En conséquence, notre Haute Cour retient que le revenu réalisé en 2013 était attaché à la (seule) qualité d'employé de A et que ce dernier n'avait aucune prétention ferme qu'il aurait pu transférer à son ex-épouse dans le cadre de la liquidation du régime matrimonial en 2010. Celle-ci ne disposait à ce moment que d'une prétention à la moitié de ce revenu (hypothétique) à l'encontre du recourant, et non pas de l'employeur de celui-ci, dans le cas où ce revenu se concrétiserait sous la forme d'une remise des actions de collaborateur, comme cela fut le cas en 2013. Comme le relève le Tribunal fédéral, le fait que l'ex-épouse de A avait semble-t-il déclaré les actions depuis 2010 dans sa fortune imposable ne change rien à cette analyse (consid. 6).

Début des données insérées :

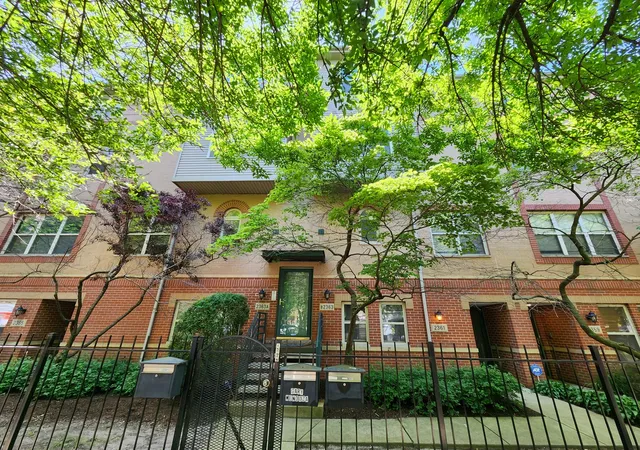 2363-e-70th-pl-b-chicago-il-60649/hzid_d5413dc5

Par ailleurs, l'interprétation de la convention de divorce a joué en défaveur du contribuable et l'a empêché de faire valoir le montant versé à son ex-épouse en tant que contribution d'entretien déductible de son revenu au sens de l'art. 33 al. 1 let. c LIFD. La convention de divorce réglait les contributions d'entretien à son chiffre IV et la liquidation du régime matrimonial à son chiffre V. Or c'est le chiffre V qui mentionnait expressément le partage des stock-options et des actions bloquées (à savoir les performance shares). Pour cette raison, notre Haute Cour a retenu que le transfert des actions de collaborateur avait été effectué dans le cadre de la liquidation du régime matrimonial et qu'il ne pouvait donc pas constituer une contribution d'entretien déductible dans le chef du contribuable. 

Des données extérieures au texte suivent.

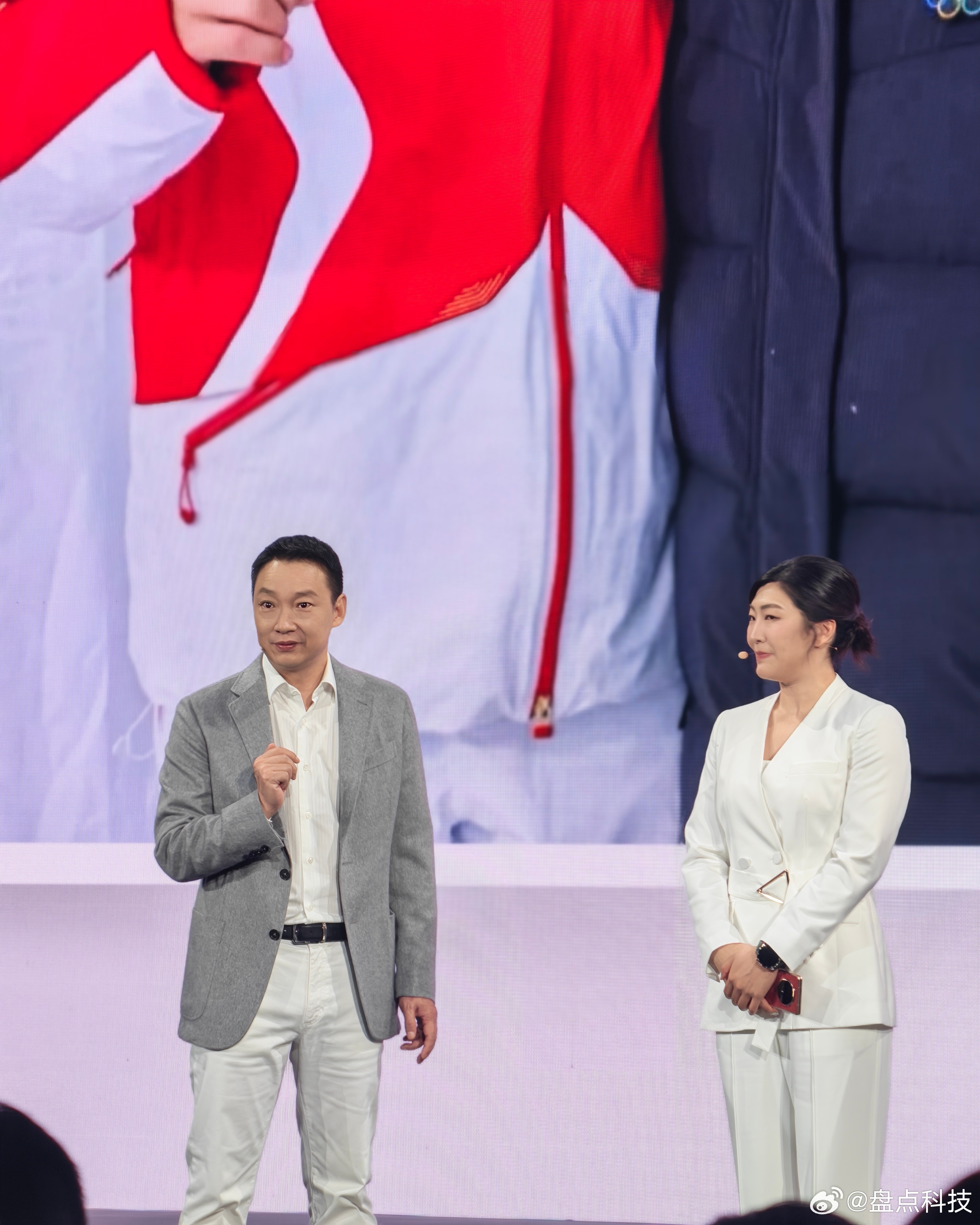 除了硬件层面的满配荣耀Magic V6这次还给大家带来了“六大神器”：会议神器（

Cette interprétation, fondée en premier lieu sur les constatations de l'instance précédente en ce qui concerne la réelle et commune intention des parties à la convention, nous semble critiquable en l'espèce. Une telle interprétation nous semble peu compatible avec la qualification même des performance shares comme de simples expectatives en 2010. On voit mal en effet que les parties aient pu se partager ces expectatives dans le cadre de la liquidation du régime en 2010, puisqu'il ne s'agissait alors précisément que d'expectatives, qui ne pouvaient pas encore être valorisées (contrairement à des options). La conversion des performance shares en actions de collaborateur à l'issue de la période de vesting en 2013 était du reste soumise à certaines conditions de performance et demeurait donc incertaine en 2010. A notre sens, il aurait ainsi été possible d'admettre les actions remises en 2013 par A à son ex-épouse comme des contributions d'entretien déductibles, dans la mesure où le principe même de ce versement avait été prévu dans la convention.

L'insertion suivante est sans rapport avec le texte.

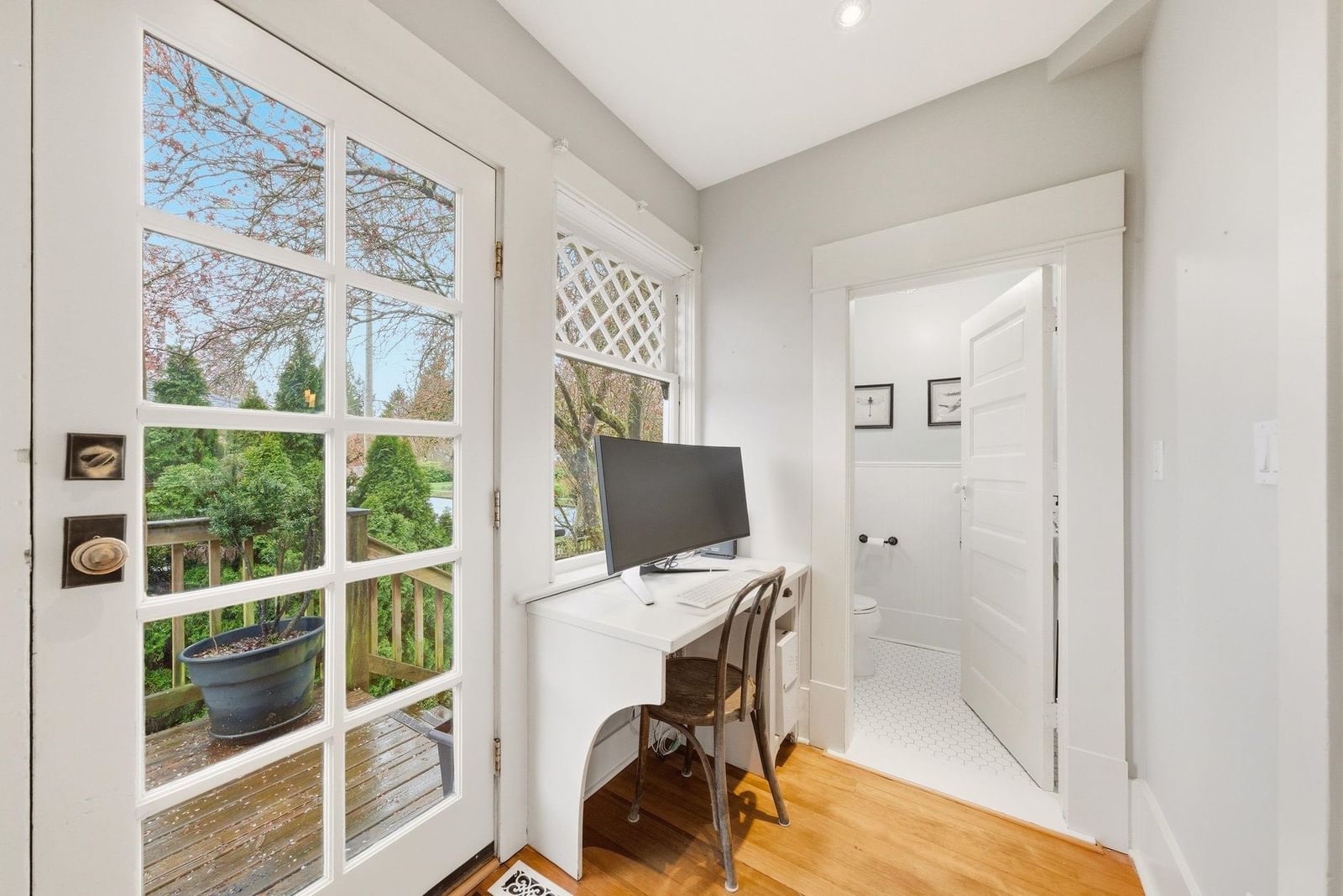 Listing Image 19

On notera du reste que notre Haute Cour n'a pas retenu la même interprétation pour le traitement fiscal des stock-options, qui étaient pourtant également réglées au chiffre V de la convention de divorce relatif à la liquidation du régime matrimonial. A cet égard, notre Haute Cour a retenu que les stock-options ont été octroyées à A en 2011, soit après la dissolution du régime matrimonial intervenue en 2010, et qu'elles ne peuvent donc pas être réintégrées postérieurement dans les opérations de liquidation du régime en application des règles de droit civil (art. 204 al. 2 CC et 207 al. 1 CC). Ces versements relatifs aux options de collaborateur ont donc pu être déduits par A en 2013 en tant que contributions d'entretien versées à son ex-épouse. A notre sens, une même interprétation aurait pu être retenue pour le traitement des actions de collaborateur remises en 2013, dès lors que les performance shares sous-jacentes ont été qualifiées par le Tribunal fédéral de simples expectatives (sans valeur) au moment du divorce en 2010 et que A devait encore mériter ces actions de 2010 à 2013 (soit après la dissolution du régime matrimonial).